■ **Work instruction**
Find the line with "a lobby with" in the records below. Copy it and every line after it, up to and including the line with "Poster - Back".

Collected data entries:
* * *

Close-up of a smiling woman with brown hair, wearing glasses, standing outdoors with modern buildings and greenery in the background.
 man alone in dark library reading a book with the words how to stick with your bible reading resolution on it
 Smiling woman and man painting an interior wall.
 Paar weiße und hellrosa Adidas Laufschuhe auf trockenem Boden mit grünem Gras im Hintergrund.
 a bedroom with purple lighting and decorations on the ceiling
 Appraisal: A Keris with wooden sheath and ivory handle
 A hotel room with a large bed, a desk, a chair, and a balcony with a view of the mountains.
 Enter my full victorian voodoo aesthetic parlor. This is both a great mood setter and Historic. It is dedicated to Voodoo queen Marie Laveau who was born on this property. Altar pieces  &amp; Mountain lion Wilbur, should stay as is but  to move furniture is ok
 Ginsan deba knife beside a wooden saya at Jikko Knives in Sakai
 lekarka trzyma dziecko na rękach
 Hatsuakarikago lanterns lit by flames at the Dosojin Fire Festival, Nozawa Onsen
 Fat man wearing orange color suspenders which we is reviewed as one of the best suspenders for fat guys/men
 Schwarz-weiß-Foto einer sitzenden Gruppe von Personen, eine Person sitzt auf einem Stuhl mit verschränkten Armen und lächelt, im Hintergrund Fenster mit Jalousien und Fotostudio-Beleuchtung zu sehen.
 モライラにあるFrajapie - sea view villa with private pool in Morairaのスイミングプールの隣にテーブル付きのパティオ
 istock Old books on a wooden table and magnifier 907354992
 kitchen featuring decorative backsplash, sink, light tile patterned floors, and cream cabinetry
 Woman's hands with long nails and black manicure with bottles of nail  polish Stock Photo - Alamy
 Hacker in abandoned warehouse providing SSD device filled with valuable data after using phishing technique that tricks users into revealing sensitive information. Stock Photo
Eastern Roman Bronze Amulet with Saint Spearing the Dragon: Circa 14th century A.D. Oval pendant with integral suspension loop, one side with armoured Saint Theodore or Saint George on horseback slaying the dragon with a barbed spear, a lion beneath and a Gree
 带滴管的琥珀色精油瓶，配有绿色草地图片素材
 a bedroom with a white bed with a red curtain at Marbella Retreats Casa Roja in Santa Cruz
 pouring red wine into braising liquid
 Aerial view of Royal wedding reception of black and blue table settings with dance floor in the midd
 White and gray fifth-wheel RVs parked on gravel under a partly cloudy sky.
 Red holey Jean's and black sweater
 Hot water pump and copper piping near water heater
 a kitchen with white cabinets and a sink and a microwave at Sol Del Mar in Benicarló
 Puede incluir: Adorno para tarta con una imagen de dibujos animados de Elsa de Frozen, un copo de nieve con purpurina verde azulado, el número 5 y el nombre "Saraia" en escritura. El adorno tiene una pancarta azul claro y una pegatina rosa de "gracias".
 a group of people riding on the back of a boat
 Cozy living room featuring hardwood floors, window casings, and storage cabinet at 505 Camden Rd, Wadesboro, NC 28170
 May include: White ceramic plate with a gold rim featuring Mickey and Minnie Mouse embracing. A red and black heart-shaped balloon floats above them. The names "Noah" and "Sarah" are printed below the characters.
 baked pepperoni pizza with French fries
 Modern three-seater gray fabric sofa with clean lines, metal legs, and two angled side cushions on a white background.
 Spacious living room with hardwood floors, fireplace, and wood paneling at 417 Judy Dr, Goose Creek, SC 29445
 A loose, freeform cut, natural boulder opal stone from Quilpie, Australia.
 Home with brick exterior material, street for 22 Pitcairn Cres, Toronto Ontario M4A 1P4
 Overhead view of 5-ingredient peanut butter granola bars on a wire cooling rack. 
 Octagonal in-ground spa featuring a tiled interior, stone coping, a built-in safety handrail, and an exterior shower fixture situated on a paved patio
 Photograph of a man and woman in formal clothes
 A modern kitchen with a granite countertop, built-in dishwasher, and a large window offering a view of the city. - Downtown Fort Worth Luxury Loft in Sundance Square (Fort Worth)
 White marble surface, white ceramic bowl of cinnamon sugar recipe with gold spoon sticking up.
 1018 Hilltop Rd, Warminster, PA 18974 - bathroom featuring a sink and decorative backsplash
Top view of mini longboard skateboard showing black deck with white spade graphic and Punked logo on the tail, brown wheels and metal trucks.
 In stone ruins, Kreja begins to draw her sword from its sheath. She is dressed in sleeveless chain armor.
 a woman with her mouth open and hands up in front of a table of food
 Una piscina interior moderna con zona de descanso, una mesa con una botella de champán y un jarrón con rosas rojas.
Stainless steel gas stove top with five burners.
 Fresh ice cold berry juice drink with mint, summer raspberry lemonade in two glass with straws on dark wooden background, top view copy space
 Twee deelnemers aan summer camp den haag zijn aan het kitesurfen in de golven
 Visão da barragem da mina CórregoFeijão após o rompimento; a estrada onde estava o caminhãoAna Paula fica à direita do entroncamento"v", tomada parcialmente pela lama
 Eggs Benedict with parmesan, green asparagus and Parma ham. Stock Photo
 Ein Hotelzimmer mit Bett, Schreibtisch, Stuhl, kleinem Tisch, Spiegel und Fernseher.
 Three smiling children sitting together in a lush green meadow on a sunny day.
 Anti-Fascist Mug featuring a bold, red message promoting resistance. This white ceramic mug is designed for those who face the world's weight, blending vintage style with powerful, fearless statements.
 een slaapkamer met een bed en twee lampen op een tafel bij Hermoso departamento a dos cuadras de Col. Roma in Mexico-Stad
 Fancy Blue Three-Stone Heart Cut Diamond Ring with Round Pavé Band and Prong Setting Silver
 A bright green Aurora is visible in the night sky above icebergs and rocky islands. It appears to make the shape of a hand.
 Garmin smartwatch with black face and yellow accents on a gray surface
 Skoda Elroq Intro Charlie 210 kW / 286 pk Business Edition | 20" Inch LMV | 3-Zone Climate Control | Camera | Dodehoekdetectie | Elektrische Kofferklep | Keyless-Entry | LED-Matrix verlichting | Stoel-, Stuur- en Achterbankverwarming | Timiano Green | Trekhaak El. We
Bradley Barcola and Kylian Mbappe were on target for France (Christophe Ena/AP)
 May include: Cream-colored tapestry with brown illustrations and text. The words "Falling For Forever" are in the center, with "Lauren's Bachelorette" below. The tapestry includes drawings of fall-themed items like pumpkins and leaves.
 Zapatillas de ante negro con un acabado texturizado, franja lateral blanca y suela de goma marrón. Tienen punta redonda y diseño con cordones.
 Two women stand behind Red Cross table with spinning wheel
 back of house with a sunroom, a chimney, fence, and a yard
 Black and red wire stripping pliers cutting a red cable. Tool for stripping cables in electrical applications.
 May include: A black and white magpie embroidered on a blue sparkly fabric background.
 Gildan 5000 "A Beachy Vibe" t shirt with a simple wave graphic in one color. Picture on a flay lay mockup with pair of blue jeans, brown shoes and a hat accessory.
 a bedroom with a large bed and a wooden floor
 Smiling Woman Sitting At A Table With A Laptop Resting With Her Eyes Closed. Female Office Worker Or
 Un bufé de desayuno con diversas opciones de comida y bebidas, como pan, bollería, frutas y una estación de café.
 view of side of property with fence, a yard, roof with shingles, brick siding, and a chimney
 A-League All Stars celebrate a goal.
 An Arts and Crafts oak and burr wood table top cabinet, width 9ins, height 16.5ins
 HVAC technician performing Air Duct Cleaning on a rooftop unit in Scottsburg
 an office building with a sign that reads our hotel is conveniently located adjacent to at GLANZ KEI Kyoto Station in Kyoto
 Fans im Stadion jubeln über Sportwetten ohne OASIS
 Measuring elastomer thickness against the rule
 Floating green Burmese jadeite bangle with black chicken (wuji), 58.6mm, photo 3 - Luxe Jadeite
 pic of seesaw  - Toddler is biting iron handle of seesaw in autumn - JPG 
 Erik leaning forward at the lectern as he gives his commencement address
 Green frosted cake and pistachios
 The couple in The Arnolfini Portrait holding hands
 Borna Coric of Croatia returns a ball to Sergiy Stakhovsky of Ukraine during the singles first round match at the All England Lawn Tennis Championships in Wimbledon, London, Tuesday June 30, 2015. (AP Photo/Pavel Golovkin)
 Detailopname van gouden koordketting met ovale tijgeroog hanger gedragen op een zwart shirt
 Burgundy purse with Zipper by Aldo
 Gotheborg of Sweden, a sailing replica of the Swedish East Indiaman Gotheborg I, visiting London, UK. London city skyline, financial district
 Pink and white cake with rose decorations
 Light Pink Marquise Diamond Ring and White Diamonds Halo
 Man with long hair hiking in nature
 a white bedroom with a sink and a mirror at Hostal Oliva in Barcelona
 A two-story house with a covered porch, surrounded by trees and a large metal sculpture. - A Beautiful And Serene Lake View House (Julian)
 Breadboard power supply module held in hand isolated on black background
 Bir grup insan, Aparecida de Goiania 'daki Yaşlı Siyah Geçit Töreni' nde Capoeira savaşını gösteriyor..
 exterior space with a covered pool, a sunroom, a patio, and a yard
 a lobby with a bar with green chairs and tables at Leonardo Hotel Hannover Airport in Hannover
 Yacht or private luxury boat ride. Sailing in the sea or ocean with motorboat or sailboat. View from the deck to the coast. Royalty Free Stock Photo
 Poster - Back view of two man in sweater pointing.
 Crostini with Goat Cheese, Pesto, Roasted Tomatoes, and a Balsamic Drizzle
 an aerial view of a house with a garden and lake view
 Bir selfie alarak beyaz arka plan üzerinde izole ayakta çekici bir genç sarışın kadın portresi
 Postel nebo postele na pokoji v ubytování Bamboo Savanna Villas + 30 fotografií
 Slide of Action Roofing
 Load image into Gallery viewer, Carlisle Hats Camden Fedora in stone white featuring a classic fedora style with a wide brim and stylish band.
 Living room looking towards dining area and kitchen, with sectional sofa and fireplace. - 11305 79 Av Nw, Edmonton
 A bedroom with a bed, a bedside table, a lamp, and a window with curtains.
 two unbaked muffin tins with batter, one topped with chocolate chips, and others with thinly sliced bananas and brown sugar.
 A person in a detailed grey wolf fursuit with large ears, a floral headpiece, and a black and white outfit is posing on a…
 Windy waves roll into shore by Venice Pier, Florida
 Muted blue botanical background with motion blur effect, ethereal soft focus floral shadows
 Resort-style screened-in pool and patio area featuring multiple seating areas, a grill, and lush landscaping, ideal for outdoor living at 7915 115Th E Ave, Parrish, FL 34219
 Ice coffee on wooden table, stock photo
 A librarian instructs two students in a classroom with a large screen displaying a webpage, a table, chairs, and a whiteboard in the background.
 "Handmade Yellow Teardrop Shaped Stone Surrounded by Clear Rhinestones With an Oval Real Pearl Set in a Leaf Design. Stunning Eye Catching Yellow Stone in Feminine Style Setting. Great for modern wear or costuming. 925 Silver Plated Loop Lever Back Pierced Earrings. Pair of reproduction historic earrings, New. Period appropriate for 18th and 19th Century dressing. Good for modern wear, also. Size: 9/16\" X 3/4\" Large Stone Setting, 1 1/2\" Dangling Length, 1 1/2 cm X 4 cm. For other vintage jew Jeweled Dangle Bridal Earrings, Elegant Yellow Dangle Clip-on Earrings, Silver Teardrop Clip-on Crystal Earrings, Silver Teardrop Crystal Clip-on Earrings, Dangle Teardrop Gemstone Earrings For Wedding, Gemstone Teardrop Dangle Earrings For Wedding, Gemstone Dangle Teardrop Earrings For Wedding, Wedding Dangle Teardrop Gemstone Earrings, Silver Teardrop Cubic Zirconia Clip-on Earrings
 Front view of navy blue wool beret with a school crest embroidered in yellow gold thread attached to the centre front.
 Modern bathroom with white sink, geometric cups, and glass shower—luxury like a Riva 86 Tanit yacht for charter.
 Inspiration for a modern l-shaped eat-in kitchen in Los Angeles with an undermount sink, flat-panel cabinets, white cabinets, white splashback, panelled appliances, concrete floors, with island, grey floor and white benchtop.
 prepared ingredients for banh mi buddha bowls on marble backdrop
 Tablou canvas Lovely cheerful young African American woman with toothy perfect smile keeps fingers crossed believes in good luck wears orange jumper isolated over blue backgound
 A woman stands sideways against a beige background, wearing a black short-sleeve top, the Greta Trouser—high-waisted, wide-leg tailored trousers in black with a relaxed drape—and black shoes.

* * *

■ **Response area**
 a lobby with a bar with green chairs and tables at Leonardo Hotel Hannover Airport in Hannover
 Yacht or private luxury boat ride. Sailing in the sea or ocean with motorboat or sailboat. View from the deck to the coast. Royalty Free Stock Photo
 Poster - Back view of two man in sweater pointing.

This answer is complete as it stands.